Veludo molhado e neoliberalismo
Os anos 1990 foram um
período de consolidação do neoliberalismo, marcado
por privatizações, desregulamentações e a expansão da globalização. Esse
sistema prometia prosperidade, mas também plantava as sementes de desigualdade
e crises futuras.
Enquanto isso, a moda
acompanhava esse movimento, e o veludo molhado despontava como um dos tecidos
mais icônicos da década. Com brilho característico e textura macia, o tecido
tornou-se sinônimo de elegância e versatilidade, destacando-se em peças como
vestidos, blusas e acessórios.
Popularizado por ícones
como Kate Moss e Winona Ryder, o veludo molhado combinava sofisticação com um
toque casual, muitas vezes usado em slip
dresses ou combinado com jaquetas de couro e botas pesadas.

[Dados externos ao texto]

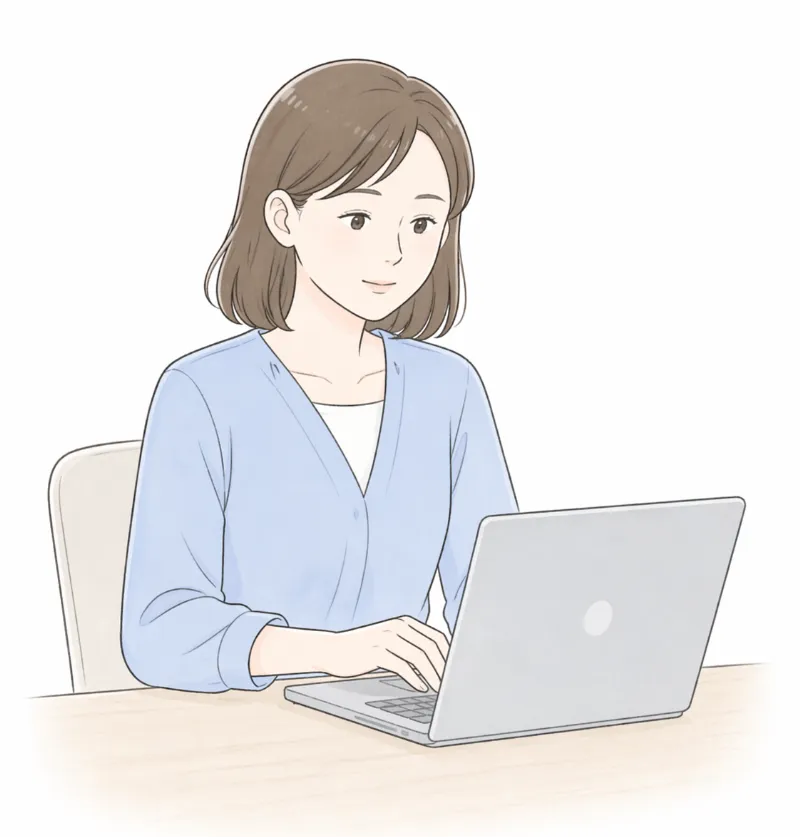 パソコンで作業を行う女性スタッフのイメージ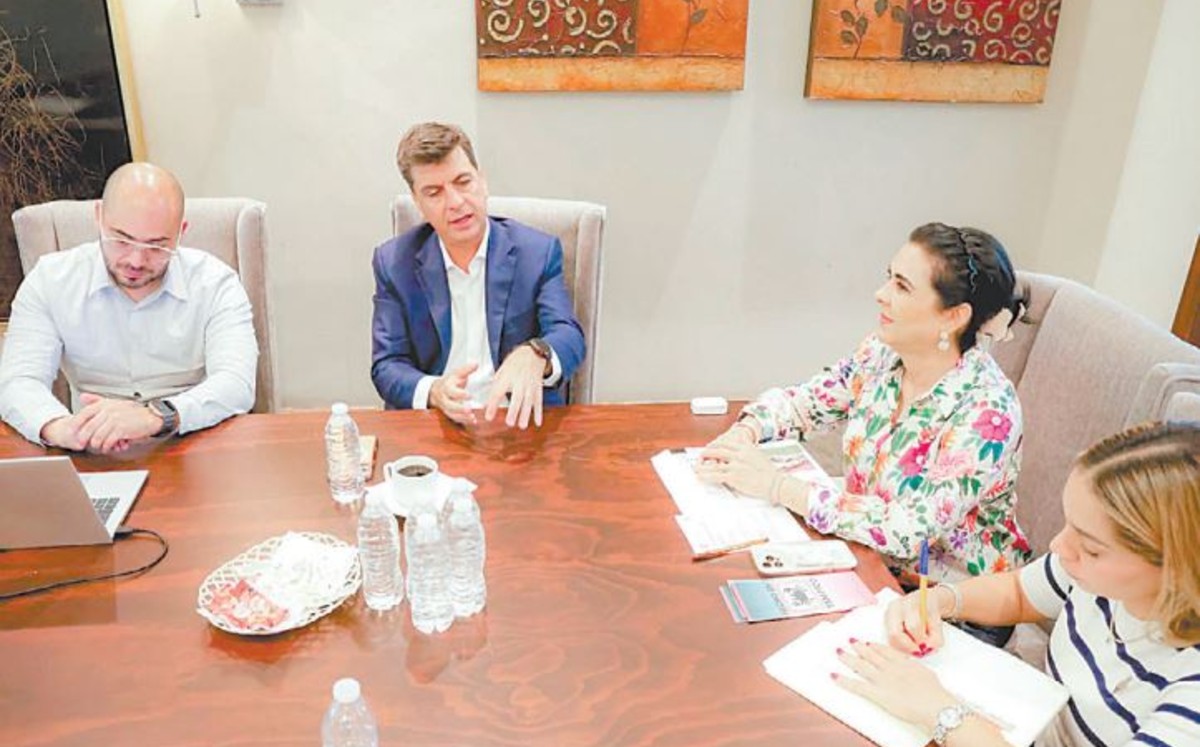 Gabriel Baldini, CEO de Tiendas Bara, con la alcaldesa de Tampico. | FACEBOOK/MÓNICA VILLARREAL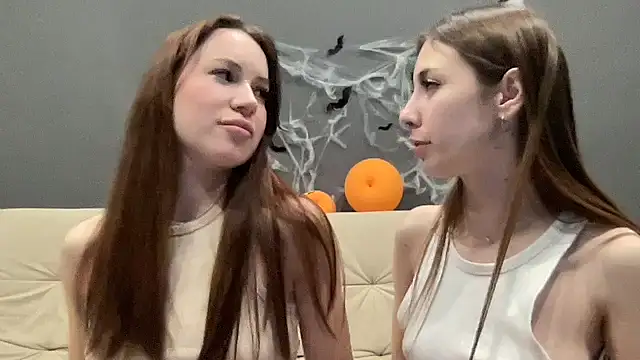 Cowgirl_aimeee - WEREWOLF POSE NO PANTIES CLOSE TO CAM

Seu apelo se consolidou em tons profundos, como preto, vinho e azul marinho,
adaptando-se a diferentes estilos — de silhuetas sensuais a cortes mais
confortáveis.
Hoje, o renascimento do
veludo molhado, reinterpretado por grandes marcas, não é apenas uma referência
retrô, mas um reflexo das incertezas contemporâneas. Ele evoca segurança e
conforto em um momento em que as promessas do neoliberalismo desmoronam.
·
Nostalgia em tempos de crise
O retorno do veludo
molhado vai além de uma tendência vintage; reflete uma busca por conforto
emocional em meio às incertezas globais. A nostalgia, como explica o
historiador marxista Eric Hobsbawm em "Era dos Extremos", é uma
reação coletiva às crises do capitalismo, oferecendo refúgio diante de mudanças
rápidas, desigualdades crescentes e precarização social.
Hobsbawm argumenta que,
em períodos de recessão ou instabilidade, as sociedades idealizam o passado
como um tempo mais estável e próspero. Essa nostalgia se manifesta em elementos
culturais, como moda e cinema, que resgatam estilos antigos para proporcionar
familiaridade e segurança emocional.
Porém, a nostalgia
também tem um papel político. Hobsbawm destaca como movimentos conservadores
instrumentalizam memórias seletivas para promover agendas nacionalistas,
romantizando eras de "grandeza perdida" e mobilizando
descontentamentos populares com soluções simplistas.
No capitalismo, a
nostalgia é mercantilizada: estilos vintage e produtos culturais antigos são
transformados em estratégias de consumo.
Esse fenômeno não é
novo — nos anos 1990, durante o auge do neoliberalismo, houve um resgate de
décadas passadas em resposta às desigualdades emergentes. Situações semelhantes
ocorreram na crise financeira de 2008, reforçando a nostalgia como uma
constante em tempos de instabilidade.
Hoje, o retorno de
estilos como o veludo molhado simboliza não apenas uma reconexão emocional, mas
também as contradições de um sistema que transforma até mesmo memórias em
mercadoria.
·
O veludo e Donald Trump
A análise de Hobsbawm
permanece relevante em 2025, quando crises capitalistas, como a precarização do
trabalho e a emergência climática, geram novos ciclos de nostalgia.
Não foi por acaso que a
ex-primeira-dama Michelle Bolsonaro escolheu
justamente um vestido de veludo molhado verde-esmeralda para participar de
eventos de posse de Trump no dia 20 de janeiro. A mesma cor, tecido e modelo
adotado pela mulher do deputado federal Eduardo Bolsonaro, Heloísa Bolsonaro.
Mesmo não tendo sido
convidadas para a cerimônia de posse, realizada na Rotunda do Capitólio, em
Washington D.C, a ex-primeira-dama e terceira mulher e a nora do hoje
inelegível Jair Bolsonaro se
emperiquitaram para assistir ao evento pela televisão. Horas depois, o clã
Bolsonaro se dirigiu ao Capital One Arena, palco de discurso e assinatura de
decretos de Trump.
Foi a opção certeira
para presenciar a ascensão de um líder autoritário como Trump e demonstra como
a nostalgia por um passado idealizado pode ser utilizada para justificar
agendas políticas conservadoras e antiglobalistas.
Hobsbawm, mesmo nunca
tendo feito crítica de moda, interpreta a nostalgia não apenas como uma reação
cultural, mas como um fenômeno profundamente político e econômico.
Durante crises
capitalistas, como a que vivenciamos agora, a nostalgia funciona como um
mecanismo de enfrentamento coletivo, ao mesmo tempo que pode ser cooptada pelo
sistema para reforçar estruturas de poder ou criar novos mercados de consumo.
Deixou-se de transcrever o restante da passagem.